Anthocephalus cadamba, thermal modification, heat treatment, mechanical properties, physical properties, timber sustainability

1. Introduction

The main indicators of global warming include increasing average air and ocean temperatures, widespread melting of ice and snow, and rising average sea levels throughout the world [1, 2]. One of the most serious problems causing global warming is deforestation [1-3]. This tendency really needs to be avoided considering the important function of natural forests. Natural forests themselves can be an effective place to store carbon, which is also supported by their high biodiversity. Therefore, if the deforestation of natural forests is reduced, it can be a way to mitigate the global warming.

In Indonesia, recently, the plantations forests contribute to the wood supply of country and world. Plantation forests provide 85% of the wood supply in Indonesia [4-6]. It can be a hope in replacing the need for wood from natural forests.
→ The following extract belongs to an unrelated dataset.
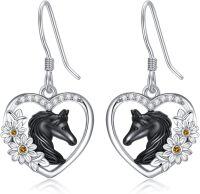 wholesale 925 Sterling Silver Heart-Shaped Black Horse Head with Daisy Flowers Dangle Earrings for Women Gifts-Daisy Horse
Currently, the management of plantation forests in Indonesia is one of the most important breakthroughs as a supplier of wood for industry and households in the world [7, 8]. The area of plantation forests in Indonesia until 2019 has reached around 5.1 million ha, and one of the major operations is the pulp plantation forest [6]. Currently, plantation forests develop many types of plants. Fast-growing species are plants widely developed in plantation forests [6, 9-11]. Fast-growing plant species, including sengon (Falcataria molucana), binuang (Octomeles sumatrana), acacia (Acacia penninervis), and jabon (Anthocephalus cadamba) [11-13].

Fast-growing tree species and plantations have recently been considered to be crucial components of the broader policies meant to mitigate climate change, supporting the gradual transition from an economy based on fossil fuels to one based on biofuels [14]. Therefore, the fast-growing wood species are very promising to be developed as a substitute for natural wood which is currently decreasing.
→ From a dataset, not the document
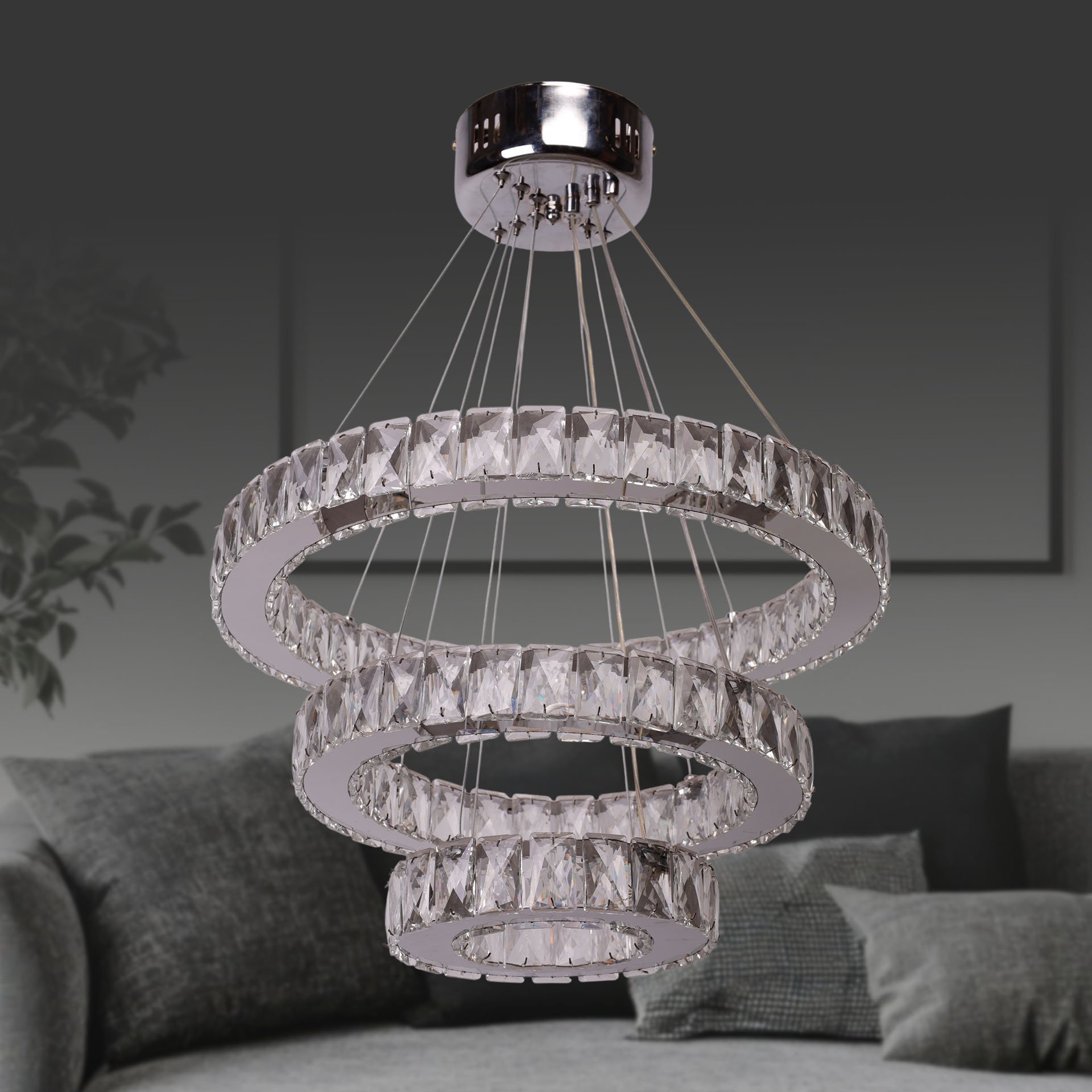 7017-3 Lü Daire Kristal Led Avize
Anthocephalus cadamba is one of the native Indonesian tree species that is suitable as a basis for plantation forests. It could be caused by Anthocephalus cadamba wood species having the potential to be developed and meet industrial needs [15]. However, Anthocephalus cadamba trees are included in the category of fast-growing wood species [16]. The characteristics of fast-growing wood are usually low specific gravity and can have an impact on the dimensional stability of wood [17-20].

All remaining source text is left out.